Cellular oxygen consumption in patients with diabetic ketoacidosis

Abstract

Background: Diabetic ketoacidosis (DKA) is a potentially life-threatening disorder associated with severe alterations in metabolism and acid-base status. Mitochondrial dysfunction is associated with diabetes and its complications. Thiamine and coenzyme Q10 (CoQ10) are important factors in aerobic metabolism. In this study, we measured cellular oxygen consumption rates (OCRs) and the effects of in vitro administration of thiamine and CoQ10 on OCRs in patients with DKA versus healthy controls.

Methods: Blood samples were collected from a prospective cohort of patients with DKA and from controls. Cellular OCRs were measured in peripheral blood mononuclear cells (PBMC) without treatment and after treatment with thiamine, CoQ10, or both. The mitochondrial profile was measured using an XFe96 Extracellular Flux Analyzer and XF Cell Mito Stress Test Kit (Seahorse Bioscience). A linear quantile mixed model was used to compare OCRs and estimate treatment effects.

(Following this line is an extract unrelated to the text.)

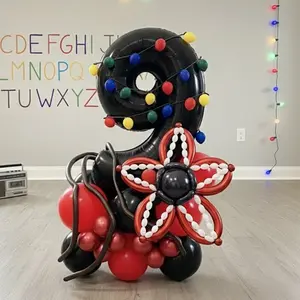 65pcs/set 32 Inch Number Balloons, Monster Theme Birthday Party Decorations, Latex Balloons, Cool Party Decoration Set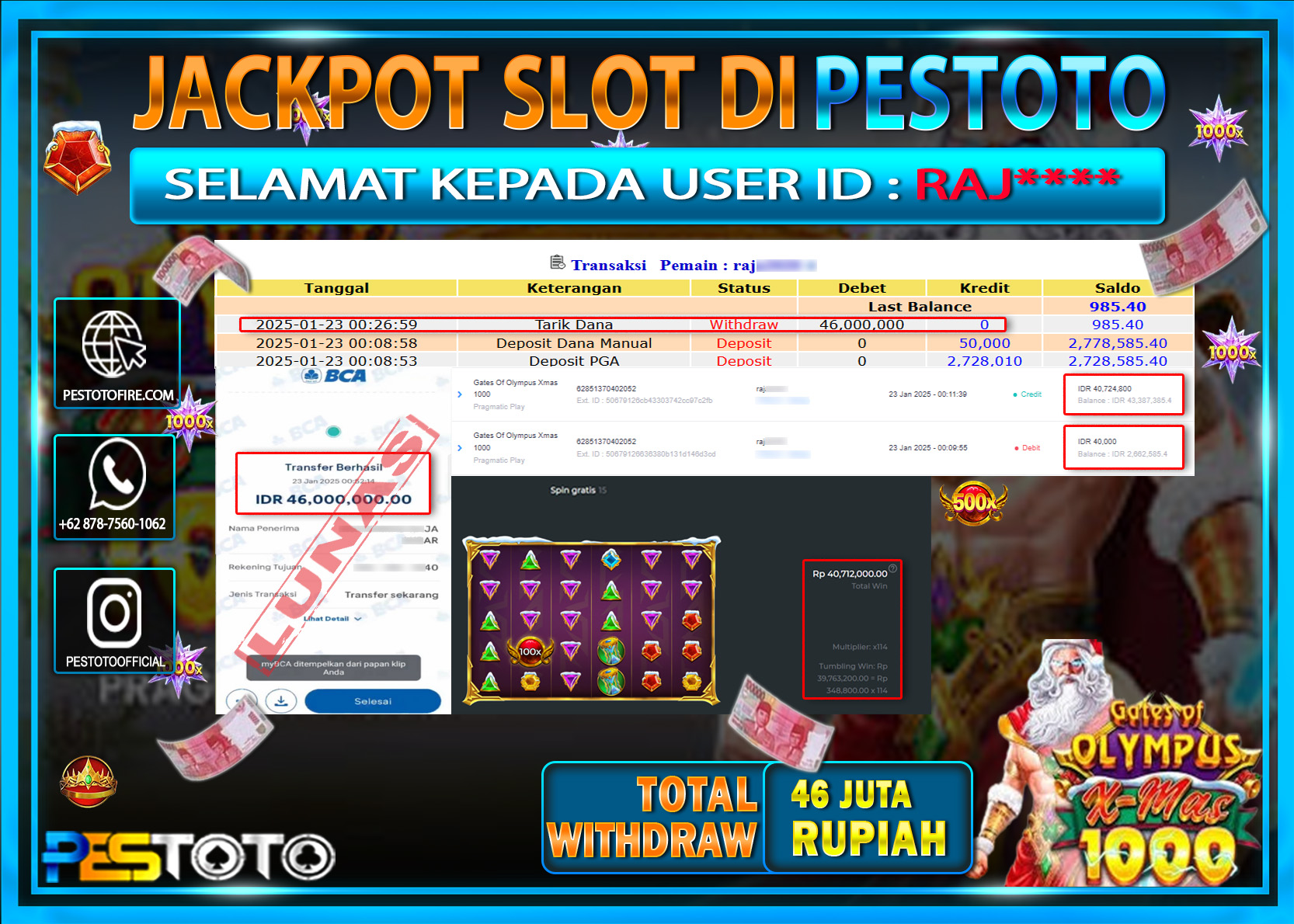 HANYA DI PESTOTO JP PASTI DI BAYAR LUNAS DAN CEPAT!!!!!! JP SLOT  { GATES OF OLYMPUS XMAS 1000 } Rp. 46.000.000!!!!!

Results: A total of 62 patients with DKA and 48 controls were included in the study. The median basal and maximal OCRs were lower in the DKA group than in the control group (basal: 4.7 [IQR: 3.3, 7.9] vs. 7.9 [5.0, 9.5], p = 0.036; maximal: 16.4 [9.5, 28.1] vs. 31.5 [20.6, 46.0] pmol/min/µg protein, p < 0.001). In DKA samples, basal and maximal OCRs were significantly increased when treated with thiamine, CoQ10, or both. In controls, basal and maximal OCR were significantly increased only with thiamine treatment.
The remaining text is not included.